Second aspect, this application provides a kind of short text treating apparatus, comprising: the first acquisition module, for obtaining the first short text set, and carries out pre-service to described first short text set; Processing module, for based on pretreated first short text set, drive and perform following treatment step with lower unit: training unit, for using described pretreated first short text set training topic model LDA, obtain the theme probability distribution of each short text in described first short text set; Cluster cell, for carrying out cluster to described theme probability distribution, determines the subject categories of each short text in described first short text set.

The short text disposal route that the application provides and device, first pre-service can be carried out to the first short text set obtained, then the data after utilizing process carry out topic model LDA training, to obtain the theme probability distribution of each short text in set, finally cluster is carried out to theme probability distribution, just can determine the subject categories of each short text.Obtain the distribution situation of theme probability by first carrying out topic model training, more further to theme probability distribution cluster, the subject categories for distinguishing short text type can be obtained, thus quick, the Accurate classification to Massive short documents notebook data can be realized.

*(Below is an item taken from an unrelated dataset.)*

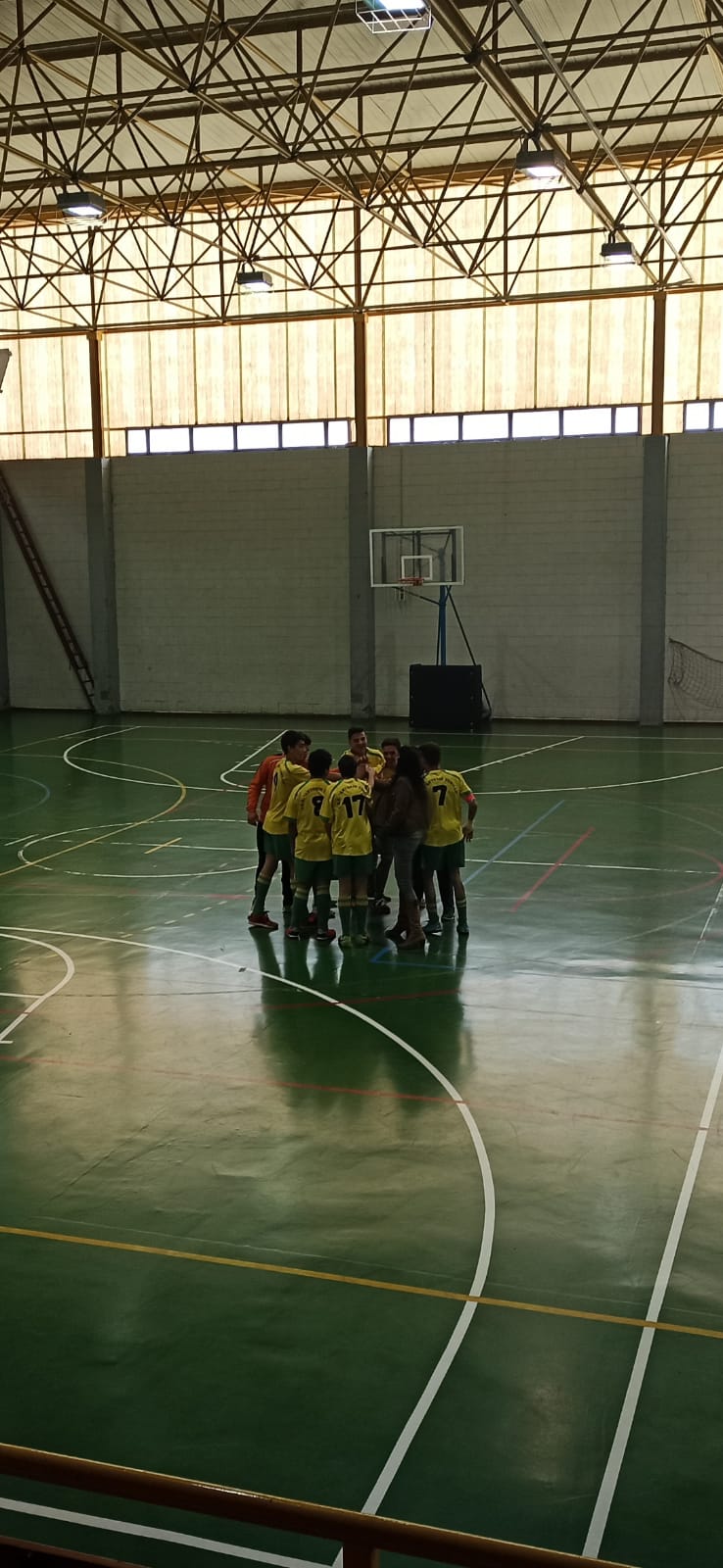 equipo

Accompanying drawing explanation

By reading the detailed description done non-limiting example done with reference to the following drawings, the other features, objects and advantages of the application will become more obvious:

Fig. 1 is the process flow diagram of an embodiment of the application's short text disposal route;

Fig. 2 is the process flow diagram of another embodiment of the application's short text disposal route;

Fig. 3 is the functional module construction schematic diagram of an embodiment of the application's short text treating apparatus;

Fig. 4 is the functional module construction schematic diagram of another embodiment of the application's short text treating apparatus;

Fig. 5 is the structural representation of the computer system be suitable for for the terminal device or server realizing the embodiment of the present application.

Embodiment

Below in conjunction with drawings and Examples, the application is described in further detail.Be understandable that, specific embodiment described herein is only for explaining related invention, but not the restriction to this invention.It also should be noted that, for convenience of description, in accompanying drawing, illustrate only the part relevant to Invention.

It should be noted that, when not conflicting, the embodiment in the application and the feature in embodiment can combine mutually.Below with reference to the accompanying drawings and describe the application in detail in conjunction with the embodiments.

Please refer to Fig. 1, it illustrates the flow process 100 of an embodiment of the application's short text disposal route.The present embodiment is mainly applied in this way in the server of short text application platform and illustrates, the short text disposal route of the present embodiment, comprises the following steps:

As shown in Figure 1, in a step 101, obtain the first short text set, and pre-service is carried out to the first short text set.

In the present embodiment, server by various wired or wireless mode, can obtain the short text information that user inputs in client.First short text set can be the method for first Application the present embodiment when processing a certain class short text usually, the set of obtainable short text composition.Such as, when needing to process the field feedback of some application, can using user for all suggestion feedbacks of this application as the first short text set.Alternatively, also can obtain the feedback opinion of within a period of time (as in a year) as the first short text set, thus remove those ageing poor short text data.After getting the first pending short text set, first can carry out pre-service to it, to improve efficiency and the accuracy of subsequent treatment.

In an optional implementation of the present embodiment, above-mentioned pre-service comprises carries out invalid data filtration, removal stop words, stem extraction and numbering to each short text in short text set.It can be filter short text data that invalid data filters, remove wherein invalid short text information, such as text size is lower than 3 characters or with attempting the short text attacking the features such as SQL (StructuredQuery Language, Structured Query Language (SQL)) statement.Specifically can judge whether a short text belongs to invalid data by decision tree.After filtering out the invalid data in the first short text set, conventional segmenting method can be used, as the segmenting method based on string matching, word is cut to remaining short text, then removing wherein expresses the meaning is worth lower stop word and stop words, such as " ", " " etc.Then, can stem extraction be carried out, namely the same section in the different terms of same stem synonym be extracted, thus the low word of value can be rejected further on the impact of whole short text kind judging.Finally, in the first short text set after can extracting stem, the word that occurred of institute carries out a secondary index, is each word and gives one and number or No. ID, so that subsequent calculations.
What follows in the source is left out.